Like his imagery, the poetic texts that Fitzpatrick pastes into his collages speak to complex, even contradictory impulses. They are at once banging proclamations and maudlin laments. Consider the text from "Coal City Cock Fighter."
"It is the cock, hobbled and bled to black ash, walking dizzy narcotic, circles among dead birds and cigarette butts. He looks in the Devil's eyes and is homicidally radiant."
The press release describes Fitzpatrick's works as "visual poems, reflecting on matters of place, history, and sense of being." The "place [and] history" of Fitzpatrick's imagery are specific to America. His collages are nuanced portraits of the schizophrenic exuberance and religious sensibility that informed American perspectives in the middle of the 20th century (and that generally continue to shape our politics and character in the post-millennial world).

"Big Rock Candy Mountain" closes this Friday, May 22nd.

Tony Fitzpatrick
"Coal City Cock Fighter"
Drawing collage
10.5 x 7.5 inches

Image credits: Tony Fitzpatrick, courtesy Dieu Donne Papermill

(Note: This post appeared concurrently on the art blog, Hungry Hyaena.)

1 comment:

Donald Frazell said...

This is excellent, and what art is supposed to do, addressing the lives of humanity. Defining who we are, in this case, purely American in symbols, but reflects humanity also. Exploring nature, the animals and plants we live with, the air, materials, the very light of the sun. Searching for god. Attempting to connect to what is eternal, what gives us purpose, why we sacrifce, love and pray.

Very symbolic, but not dogmatic, evoking life, not categorizing it. Glorifying the world, not minimizing it through supposed domination. Perfect to go along with poetry, as was arts original purpose, it use to man. To be musical, poetic, to feel the world, as one. Not prosaic, attempting to splinter it, and thereby control.

A good example of artistic hubris was on the LA Times Culturemonster. This from Christopher Knight, (no, not bobby brady, well, maybe. certainly as wimpy)

Now that the high-profile media event is done, and with a provocative new chairman for the National Endowment for the Arts in the pipeline, here's a suggestion.
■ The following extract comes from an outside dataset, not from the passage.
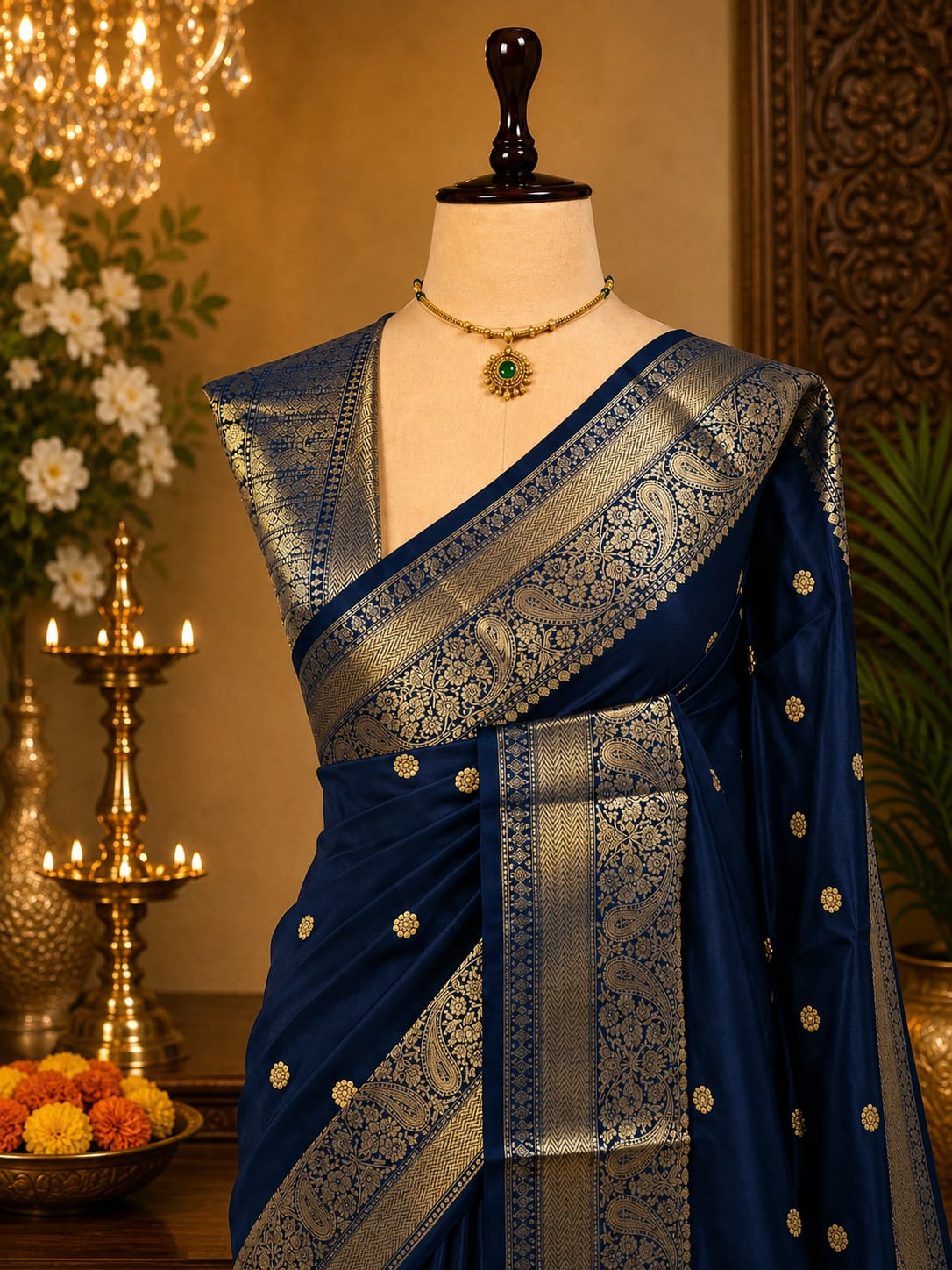 Navy blue Banarasi semi katan silk saree with antique gold paisley zari border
It's also symbolic and it's cost-free too: Let's change the motto of the NEA.

The endowment's current slogan is "A Great Nation Deserves Great Art."

Wince. That imperial bit of provincial pomposity has things exactly backward.
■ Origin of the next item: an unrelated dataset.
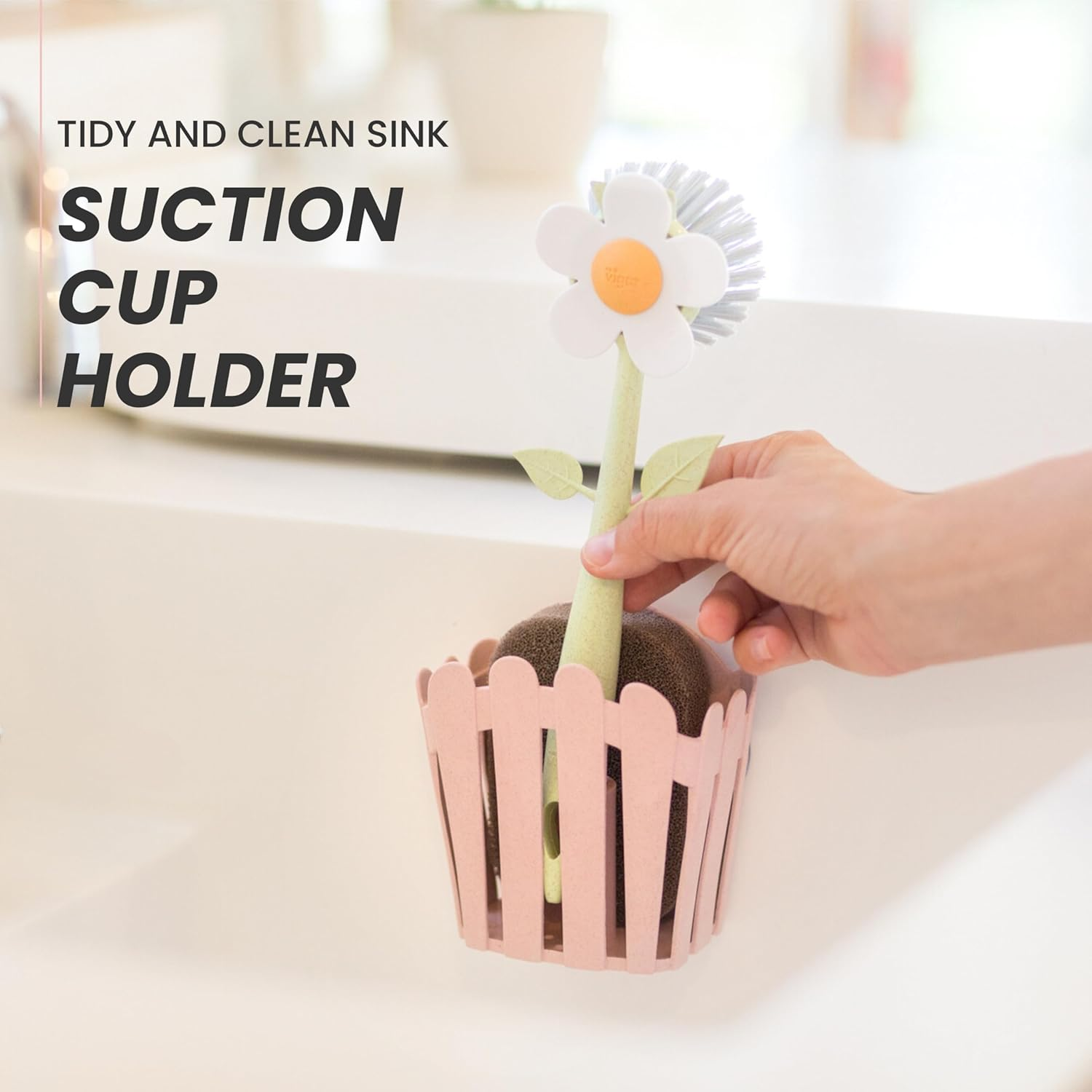 Vigar Fence Sink Set with Pink Florganic Suction Cup Set of 3 image number 2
Here's a new NEA motto: "Great Art Makes a Great Nation."

After all, that is how it works.

--Christopher Knight
Here is the reality.
Uh, that's even more pompous, of artists to think they make a nation. How about this, and it is truth. The shock of the True being the only point of art, the shock of the new being about the marketing of crap.

Great Art Reflects the Lives of a Great People.

What it has been reflecting hasn't exactly been that lately, its been about showing what the powers that were, WANTED us to see, and think, for control. To market, commodify, and rip folks off. Art was their vehicle, and also, victim.

Get to it CK, your job is NOT to tell us what art is, to explain it, but to seek, and present it. WE will make up our own minds, stop giving the hard sell spiel of the museo/academic/gallery/complex. Only artists should speak, you need to start listening, with your eyes. Instead of your wallet.

art collegia delenda est

The example of art above is humble, and truly reflects America, as human beings, not a ravenous best in search of money and power. The Best of the US. Maybe not this particual art, being teh best, but it is truthful, not the lie of art Academia, seeking to promote its own interests.

It is about US.

Lets get to it, decades have been lost, and now is the time, art is needed once again.